For myself, and many living with chronic conditions and/or disabilities, the word ‘can’ is not as simple as the ability to complete a single task
My conditions have influence over my entire life, it isn’t pessimism, it is a biological fact. Unfortunately, there are things I simply can’t do, like all-nighters, most sports, or working a conventional job. As my illness progresses the list of hard no’s will grow, as odd as it sounds this list isn’t what reminds me of my limitations. By far, the most emotionally taxing chore, for me is curating a daily list of can’s, weighing out whether or not a task is possible in this moment.

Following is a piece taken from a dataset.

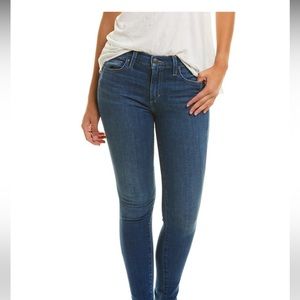 Joe’s Flawless Skinny Ankle jeans in Westminster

This C word is so complicated, anyone with chronic conditions know that your illness isn’t linear, there are variable amounts of spoons on any given day. The wind might change direction and completely alter what you ‘can’ do. Can I go outside today? Can I handle a social outing? Can I do 'the thing' without causing a flare? Can I make a trip home, take another contract, handle an 8 hour day, do this activity without mobility aids? I make hundreds of micro-decisions every single day, analyzing not only how I feel in the moment, but also making sure I balance future energy and engagements.
As therapeutic as a good pity party is, this blog post isn’t about that. When I entered the disabled community I quickly realized that accepting the unpredictable variability of the word can is vital. When we accept and respect the limitations of our illnesses, we are not laying down in defeat but rather practicing radical self-care. Not the scented candles and bubble baths kind of self-care (though that is bliss), but the unpleasant kind of maintenance self-care that just doesn’t make a good Instagram story.
Just because you CAN doesn’t mean you SHOULD
Can I? Technically, sure. I could save a few hundred dollars and not hire movers, but it would land me in the hospital. Taking ‘can’ as a literal measure of ability can be so damaging emotionally and physically. One of the biggest shifts in my quality of life as a disabled woman is knowing that can does not equal should.
Sometimes saying no means missing out
It kills me to not be a person who can’t be relied on, if you call me chances are 90% of the time I am not around. I miss most of the fun stuff, especially if it happens after 8pm; it took me years to be ok with missing out (sort of). When healthy people joke about fomo it’s hard not to be salty, they don’t realize I am always missing out. The difference is they miss an event or two and feel left out, whereas as a woman with a disability I get to go to one or two events and miss all the others.
(Side note - I find the best way to deal with fomo is a social media detox, comparison is the taker of joy.)
Be gentle on yourself
Despite trying to manage all the things, sometimes even the responsible spoonie over does it. I recently dislocated my knee as a painful reminder of this fact. I have spent far too much time and energy feeling guilty or at fault for my flares. It is SO easy to blame oneself for spiraling into a flare. You did it to yourself, you should have known better, or my fav - you deserve this (my mind monkey loves the blame game). Remember to extend kindness to yourself, you deserve it. Be.Gentle.On.Yourself.
Make space for joy
Honestly, sometimes this means choosing fun over adulthood. If you are at all like me, you save the good days for all that responsible garbage like personal maintenance, grocery shopping, laundry, cleaning, and work. Sometimes you are just going to need to play hooky! If your disease/disability makes it impossible to do both then sometimes you just need to choose joy. Live like there is no tomorrow doesn’t work for a sick person, the juggling act of ‘can’ often places fun at the bottom of the hierarchy. We deserve more than that, so even if it’s only one day a year dedicate all your spoons to joy.